Most home schooling is very well organised and done in groups, regularly inspected. It should not be banned just because of some awful people abusing the system. There are nasties in every situation, including schools, hospitals and children's homes but the majority of folk are OK.

Punocchio · 17/12/2024 14:56

Birdscratch · 17/12/2024 14:54

Taking exams early/splitting them isn’t an issue for GSCEs. It does apply for A levels.

Yes, this I agree with. Most home educated children who take A levels don't take them early as they might with GCSEs, though. Many are at college or sixth form by that point.

Punocchio · 17/12/2024 14:56

LBFseBrom · 17/12/2024 14:55

Most home schooling is very well organised and done in groups, regularly inspected. It should not be banned just because of some awful people abusing the system. There are nasties in every situation, including schools, hospitals and children's homes but the majority of folk are OK.

What?

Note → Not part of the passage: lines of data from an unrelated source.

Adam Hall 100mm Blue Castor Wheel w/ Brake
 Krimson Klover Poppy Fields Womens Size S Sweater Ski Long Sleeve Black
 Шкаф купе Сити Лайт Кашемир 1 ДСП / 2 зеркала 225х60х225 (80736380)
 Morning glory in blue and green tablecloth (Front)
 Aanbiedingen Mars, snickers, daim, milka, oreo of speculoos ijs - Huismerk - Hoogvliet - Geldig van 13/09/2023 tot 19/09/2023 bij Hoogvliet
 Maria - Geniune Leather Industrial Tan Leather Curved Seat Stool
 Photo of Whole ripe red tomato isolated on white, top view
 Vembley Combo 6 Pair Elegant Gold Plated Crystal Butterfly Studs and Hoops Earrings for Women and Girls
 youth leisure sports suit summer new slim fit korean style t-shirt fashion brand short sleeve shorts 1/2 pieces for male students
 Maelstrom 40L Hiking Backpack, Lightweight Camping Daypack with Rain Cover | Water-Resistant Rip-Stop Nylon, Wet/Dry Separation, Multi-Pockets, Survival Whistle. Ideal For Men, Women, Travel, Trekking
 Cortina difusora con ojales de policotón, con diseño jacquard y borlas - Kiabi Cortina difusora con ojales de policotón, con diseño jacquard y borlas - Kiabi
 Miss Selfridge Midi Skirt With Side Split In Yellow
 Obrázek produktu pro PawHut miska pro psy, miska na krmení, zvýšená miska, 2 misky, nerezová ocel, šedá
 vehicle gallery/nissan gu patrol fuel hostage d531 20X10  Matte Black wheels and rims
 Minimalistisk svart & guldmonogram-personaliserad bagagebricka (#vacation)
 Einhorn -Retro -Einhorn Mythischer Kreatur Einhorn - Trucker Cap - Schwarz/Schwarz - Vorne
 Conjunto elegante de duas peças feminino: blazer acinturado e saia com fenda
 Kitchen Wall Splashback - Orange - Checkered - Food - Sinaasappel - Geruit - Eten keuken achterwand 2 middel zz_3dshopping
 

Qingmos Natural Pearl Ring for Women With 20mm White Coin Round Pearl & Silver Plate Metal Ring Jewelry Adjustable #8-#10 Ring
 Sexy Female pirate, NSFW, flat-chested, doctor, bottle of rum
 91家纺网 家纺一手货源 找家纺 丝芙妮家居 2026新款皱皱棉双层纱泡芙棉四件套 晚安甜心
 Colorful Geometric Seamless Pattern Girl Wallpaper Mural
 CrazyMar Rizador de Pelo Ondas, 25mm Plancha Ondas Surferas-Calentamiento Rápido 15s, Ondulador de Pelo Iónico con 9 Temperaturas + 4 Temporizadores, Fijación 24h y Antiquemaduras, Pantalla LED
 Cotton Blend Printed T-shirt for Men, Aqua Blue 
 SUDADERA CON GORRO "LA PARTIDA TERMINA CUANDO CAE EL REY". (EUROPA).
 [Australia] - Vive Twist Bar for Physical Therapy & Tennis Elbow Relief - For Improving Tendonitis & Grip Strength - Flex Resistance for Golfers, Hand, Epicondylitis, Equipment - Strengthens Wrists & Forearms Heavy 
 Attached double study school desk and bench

It very much isn't.

Sortumn · 17/12/2024 14:56

QuickDenimDeer · 17/12/2024 14:48

How would an igcse look on a CV? I’m not sure how employers would feel about a HE individual compared to someone who has sat GCSE’s, A-levels etc in the same way as the majority, on the basis that they did all their work from home, and there’s far less regulation. When I went to school we had to sit an exam and be carefully watched by an adjudicator. We were all timed and that was how it was fair. Surely a child sitting an exam at home can google the answers? I’m not suggesting that a child can’t gain a basic education from be HE, but I struggle to see how they will assimilate to the outside world. Surely going into the workplace where there are usually strict rules, time constraints and someone outside of your family watching your performance is what you get from going to school outside of the home?

I also didn’t say that school sets a child up better than HE, but that’s its design. I do have my belief that the education system needs a big overhaul to be more holistic and a whole lot more inclusive, however. My own DC has SEN, and the education side of things gives me the most worry. But I also do not want to be forced into HE because the school system fails my child.

Children don't sit exams at home! They sit exams in exactly the way you described at an exam centre. Our local private school is kind enough to act as an exam centre - obviously they charge an admin fee that makes this when their while, in addition to the exam fee.

An IGCSE simply means there is no coursework element, which makes it accessible.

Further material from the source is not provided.